Wednesday, February 22, 2006

Price Reductions in Marin as of February, 22 2006

Following the lead of Athena over at the Sonoma Housing Bubble blog (I ask you, how can I go wrong following in the footsteps of a goddess?), here is the price reduction history and Days on Market (DOM) statistics for all of Marin County (search range is from $0 to $10 million) as of today care of ZipRealty:
Total units showing reduced prices: 62 (or 17% of the searched market)

Average DOM: 115
Max DOM: 337

Average percent price reduction: -4.93%
Max percent price reduction: -17.1%
You can view the full listing by address over at the Marin Address Pricing History thread.

11 comments:

Anonymous said...

Here's an update on one of the properties. It was sold in mid 02 for 845k, now listed for 1.2 million. Assuming that prices have remained flat Jan 05 to Jan 06 and based on median price data, the data would argue that the price should be up by 20%, or up to 1.030 million since the 845k sale and I know 200k in improvements have not been made. mmmm, looking for a sucker.....
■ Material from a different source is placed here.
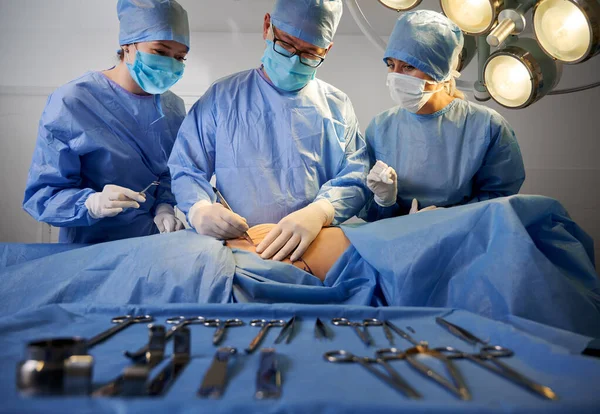 Grupo Médicos Con Guantes Estériles Mascarillas Protectoras Haciendo Cirugía Plástica —  Fotos de Stock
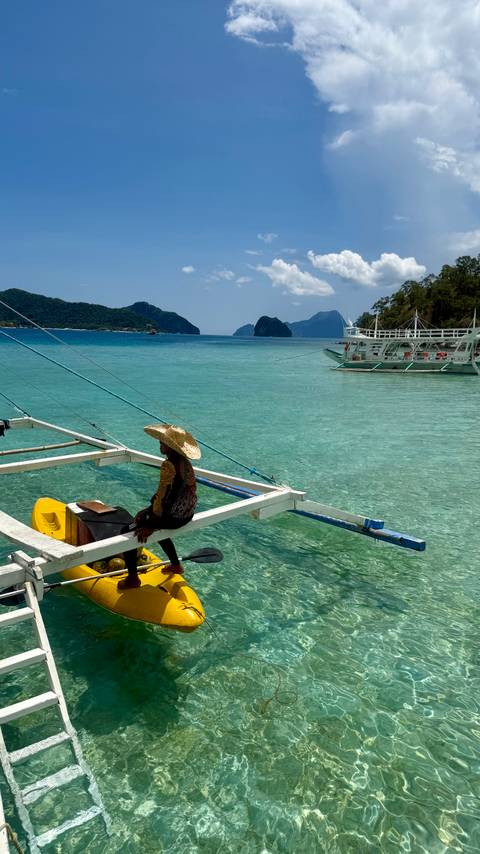 Tattooed man wearing a straw hat sits on the outrigger frame of a white banca boat looking over turquoise sea with dramatic limestone islands in the distance.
From the Marin Address Pricing thread.

Speculatino in marin is rampant just like it is everywhere else in bubble CA its just not as obvious. Give it time and that -4% will become -40%. Buyers -- just wait be patient and you will see.

Athena said...

LOL... Athena enters the blog humbled and bowing very low in gratitude for such a compliment...

It was only after seeing the vast amounts of information and data here that I endeavored to do the same for my tiny and starry eyed hamlet. I aspire to but follow in your blogsteps!

By the way... those price increases are heinous. who are these people who believe their house is their own personal investment bank?

Athena said...

oh and just saw the sad reductions... those are really sticky coming down. I thought Sonoma wasn't budging much... but marin really doesn't get it. wow!

Marinite said...

those price increases are heinous. who are these people who believe their house is their own personal investment bank?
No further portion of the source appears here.